Des années à tâtonner
“C’est vrai qu’on a l’impression qu’on discute beaucoup de santé mentale depuis quelques années, déroule-t-il. Tu vois cela sur les réseaux sociaux, dans les médias : les artistes en parlent et, par conséquent, tu peux être amené à penser que c’est une tendance, alors qu’en réalité, c’est un truc nouveau et minoritaire.”
“Si les gens de ma génération semblent s’intéresser à ces questions, c’est parce qu’on est entrés en conflit avec ce que j’appellerais ‘les normes’. Dans mes chansons, il s’agit surtout d’interroger ma place dans le monde. Et ça passe par interroger les luttes que l’on mène contre nous-mêmes qui, finalement, rejoignent des combats plus universels.”
Autrefois membre d’une formation post-punk foutraque connue sous le nom de Bat-Bike, signée chez Trashmouth Records et acoquinée à ces escrocs de Fat White Family, il traîne dans les rades du sud de Londres, épicentre d’une scène musicale bouillonnante, mais qui peine à traverser la Manche : “J’ai grandi là-dedans, c’est génial d’avoir été témoin de ça, mais je ne me rends pas compte. J’imagine que vu de l’extérieur, ça doit être magique de s’y projeter. Quand tu as de l’or sur le pas de ta porte, il t’arrive de ne pas y faire attention”, rigole-t-il, en rappelant que le point fort de tous ces musiciens reste l’intégrité.
Après quelques années de bons et loyaux services, Bat-Bike met la clef sous la porte et Loftin remise sa guitare au placard. Jusqu’à ce qu’une histoire de cœur ne l’oblige, dans un geste à la Nick Drake, à la ressortir : “Je me suis mis à écrire pour moi, sans réfléchir à la façon dont les chansons devaient sonner. Je n’avais pas de restriction, je n’avais pas à me demander si mes influences correspondraient à tel ou tel genre”, poursuit-il. Les premiers morceaux de Tiña voient le jour.
Une vie en apesanteur
Les épisodes dépressionnaires mettent votre vie en apesanteur, avec un bourdonnement incessant qui vient engourdir votre oreille interne. Josh aurait ainsi pu la jouer Sunn O))), histoire de conjurer le sort en mettant drone music et dépression au diapason, mais a préféré tracer son chemin à travers les sentiers lumineux déblayés par les losers de l’indie bordélique : “J’ai beaucoup écouté Daniel Johnston, Yo La Tengo, Sonic Youth, mais aussi les types qui ont influencé ces types, comme Neil Young, Velvet Underground ou des mecs qui ont un caractère à part, comme R. Stevie Moore”.

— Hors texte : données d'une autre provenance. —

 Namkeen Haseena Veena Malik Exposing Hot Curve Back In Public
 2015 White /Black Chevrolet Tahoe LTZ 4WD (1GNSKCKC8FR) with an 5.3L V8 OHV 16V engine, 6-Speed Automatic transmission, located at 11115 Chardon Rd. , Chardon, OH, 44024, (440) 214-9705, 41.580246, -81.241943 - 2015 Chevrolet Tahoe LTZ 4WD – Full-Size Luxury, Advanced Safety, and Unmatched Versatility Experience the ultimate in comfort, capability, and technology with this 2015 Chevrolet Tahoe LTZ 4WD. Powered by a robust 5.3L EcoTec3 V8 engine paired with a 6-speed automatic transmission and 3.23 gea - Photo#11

“L’antifolk est un cool mouvement aussi, avec des artistes comme Jeffrey Lewis ! Je ne me rappelle pas avoir écouté un album des Pixies en entier, mais j’ai un peu écouté Pavement. J’aime aussi des trucs dans le genre de Broken Social Scene, ou les groupes de Seattle, comme Nirvana. Sans oublier les Country Teasers !”
On pense aussi à Adam Green ou aux punk-folkeux de Violent Femmes, notamment sur Golden Rope, cavalcade de western dans laquelle Josh clame voir des cordes dorées suspendues dans toutes les pièces – clin d’œil à peine appuyé à nos pulsions suicidaires. On pense surtout à la plume de David Berman et à son désespoir hystérique, qui ne trouvait de répit que dans l’exaltation de l’humour noir et de l’autodérision.
Merci pour la déglingue
Comme sur I Feel Fine, quand il dit qu’il ne se sent bien que lorsqu’il écrit “Bites dans le ciel, vagins dans ma tête”, ou sur Buddha, morceau d’ouverture drôle et désabusé, dans lequel Loftin décrit son quotidien, entre glande, apitoiement sur soi, méditation et psalmodies vaines pour se convaincre d’être un type qui vaut le coup d’être fréquenté. “I hope this song does something for someone / And if not then at least I’ve done a song”, chante-t-il. On n’avait pas entendu un truc sonnant aussi vrai depuis un bail.
“Quand t’es honnête et vrai avec toi-même, les questions que tu poses dans tes chansons deviennent universelles”, nous dit-il. Positive Mental Health Music est le premier long format sorti chez Speedy Wunderground, la rutilante écurie de Dan Carey (producteur de black midi, Squid, Goat Girl ou encore Fontaines D.C.), qui fait ici des merveilles à la production. “Le mec a une vision incroyable”, confie Josh. On te retourne le compliment, Josh. Merci pour la déglingue et le bruit des glaçons au fond du verre.